# Floor Joist Bridging



## mark942 (Feb 2, 2008)

Cross bracing is to keep the joists in rack.I always cross brace whether it be wood or metal bracing.Metal braces are a bit expensive but are adjustable ( no cutting )repetitive redundant nailing but well worth the effort..........:thumbsup:
My .02 cents.


----------



## mike boufford (Feb 11, 2008)

It doesn't sound as if bracing will correct squeak and rattles nor the banging sound coming from the cold air return (?), correct?
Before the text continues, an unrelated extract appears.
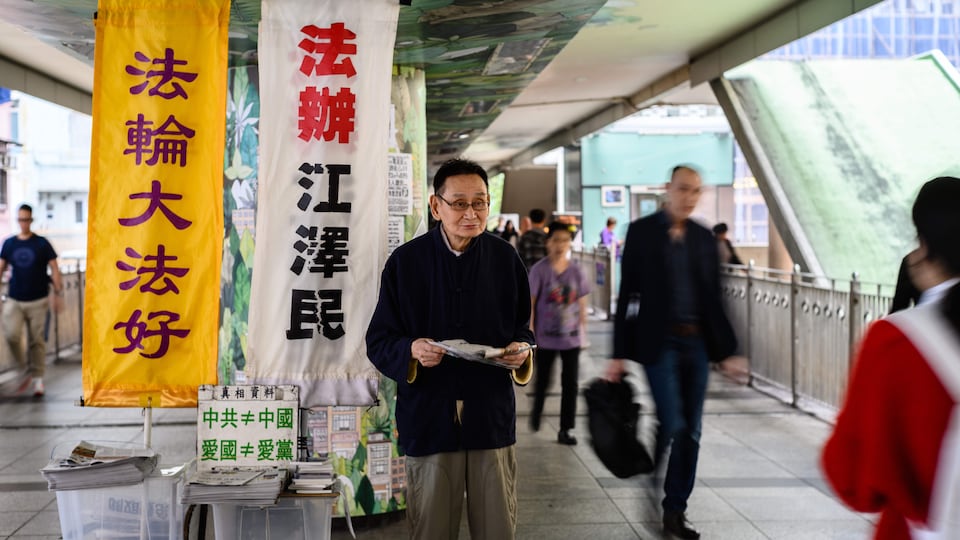 Un membre du mouvement Falun Gong offre aux passants des exemplaires du journal anti-communiste Epoch Times dans les rues de Hong Kong.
I don't want to do needless work, but what can I do to correct a situation where the builder may not have used screw and glue to put the sub floor down?


----------



## mark942 (Feb 2, 2008)

Take a look @ your ducting.Make sure that all joints are taped and screwed.Also make sure there is strapping where needed.As to the squeaking in the floor.Hopefully you have access to your basement/crawl space,you can see if the floor is moving in a certain place.Might be located on a joist or a seam.If it is on a joist you can toenail screw through the joist to tighten it up.If it is on a seam you will need to nail a block from joist to joist under the seam for a nailing backer.Then screw in a few screws on either side of the seam to tighten it all up.The nailing will be done from the underside of the floor.I am sure the upper is finished.Hope this helps you out.


----------



## AtlanticWBConst. (May 12, 2006)

Try posting this "noise issue", regarding the duct work in the *HVAC Forum*. I have a feeling that the lack of cross bridging and the noises may not be related.


----------



## m tessier (Jan 27, 2010)

*Floor Bridging*

Most of the country uses the International Code Council codes (ICC) . Section R502.7.1 of the 2006 International Residential Code says:


*R502.7.1 Bridging. *
​​​​​​Joists exceeding a nominal 2 inches by 12 inches (51 mm by 305 mm) shall be supported laterally by solid blocking, diagonal bridging (wood or metal), or a continuous 1-inch-by-3-inch (25.4 mm by 76 mm) strip nailed across the bottom of joists perpendicular to joists at​

intervals not exceeding 8 feet (2438 mm).​

The 2009 code is the same except for the following exceptions:
Trusses, structural composit lumber, structural glued laminate members and I-joists shall be supported laterally as required by the manufacturer's recommendation. ​ 
So basically, bridging is not required for dimensional lumber 2x12 or less. End bracing, i.e., rim/ band joist and floor sheathing is considered sufficient. That being said I still prefer to see it.​​​


----------